EXERCISE GOAL
Write out the line that holds "Michael Kors Parker" together with every line that follows it to the end of the material below, exactly. Omit the pictures.
....
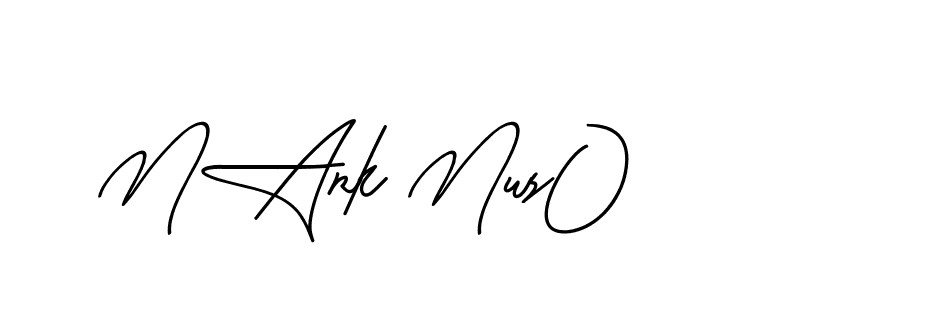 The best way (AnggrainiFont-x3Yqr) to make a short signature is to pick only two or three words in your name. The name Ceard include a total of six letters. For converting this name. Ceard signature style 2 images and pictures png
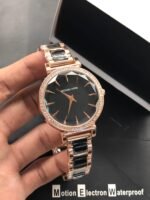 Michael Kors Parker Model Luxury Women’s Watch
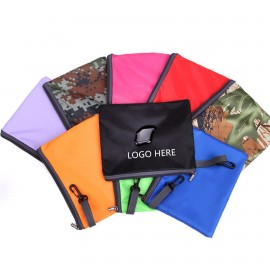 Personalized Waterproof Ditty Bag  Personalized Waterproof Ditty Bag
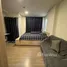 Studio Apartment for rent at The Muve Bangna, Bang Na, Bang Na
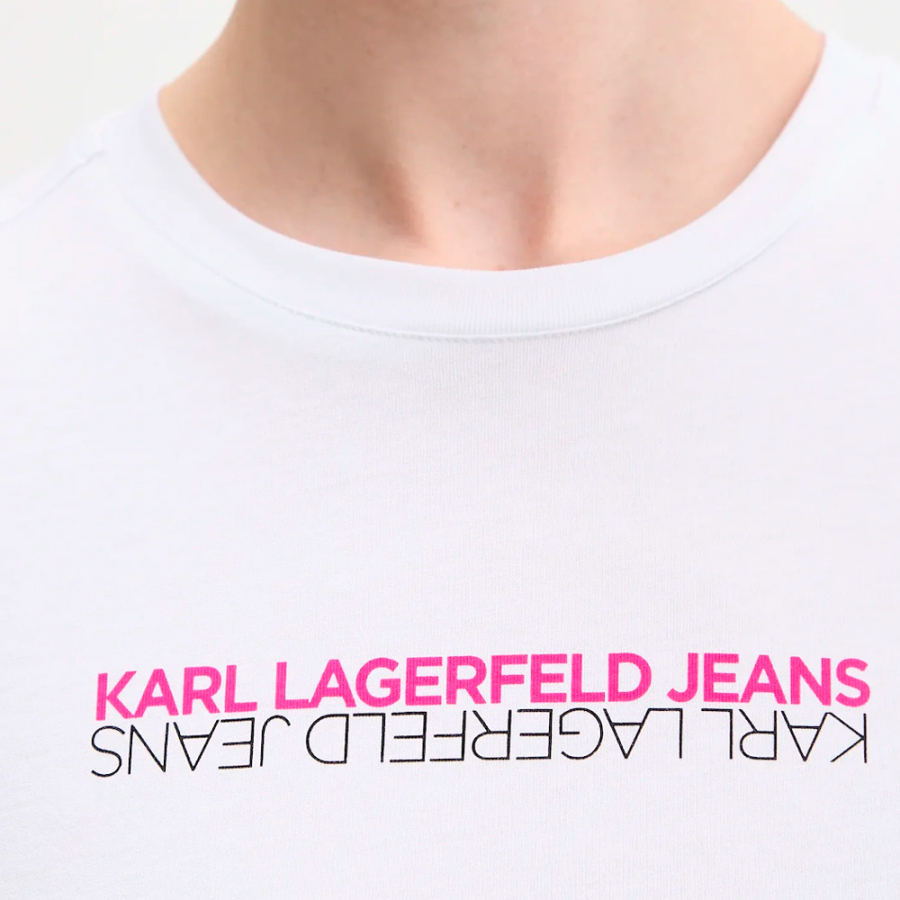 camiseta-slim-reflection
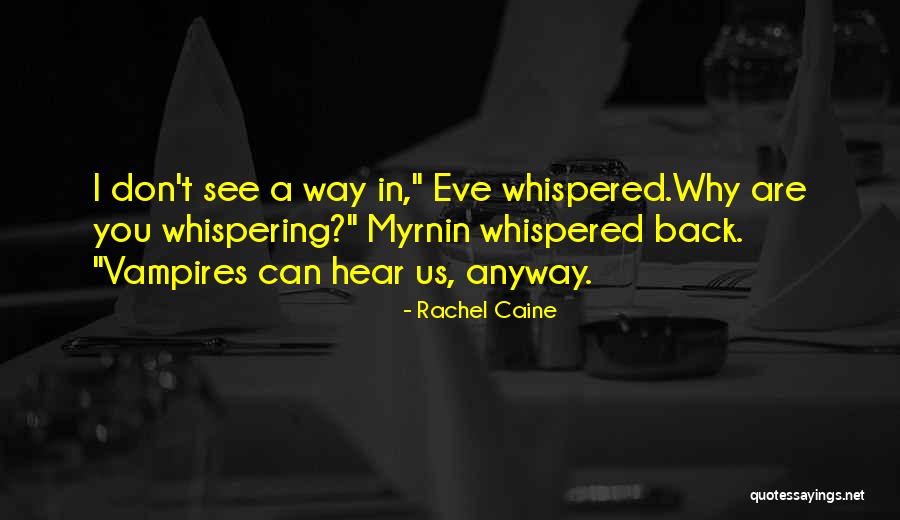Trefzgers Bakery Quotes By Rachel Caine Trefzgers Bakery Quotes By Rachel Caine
....
RESPONSE
 Michael Kors Parker Model Luxury Women’s Watch
 Personalized Waterproof Ditty Bag  Personalized Waterproof Ditty Bag
 Studio Apartment for rent at The Muve Bangna, Bang Na, Bang Na
 camiseta-slim-reflection
Trefzgers Bakery Quotes By Rachel Caine Trefzgers Bakery Quotes By Rachel Caine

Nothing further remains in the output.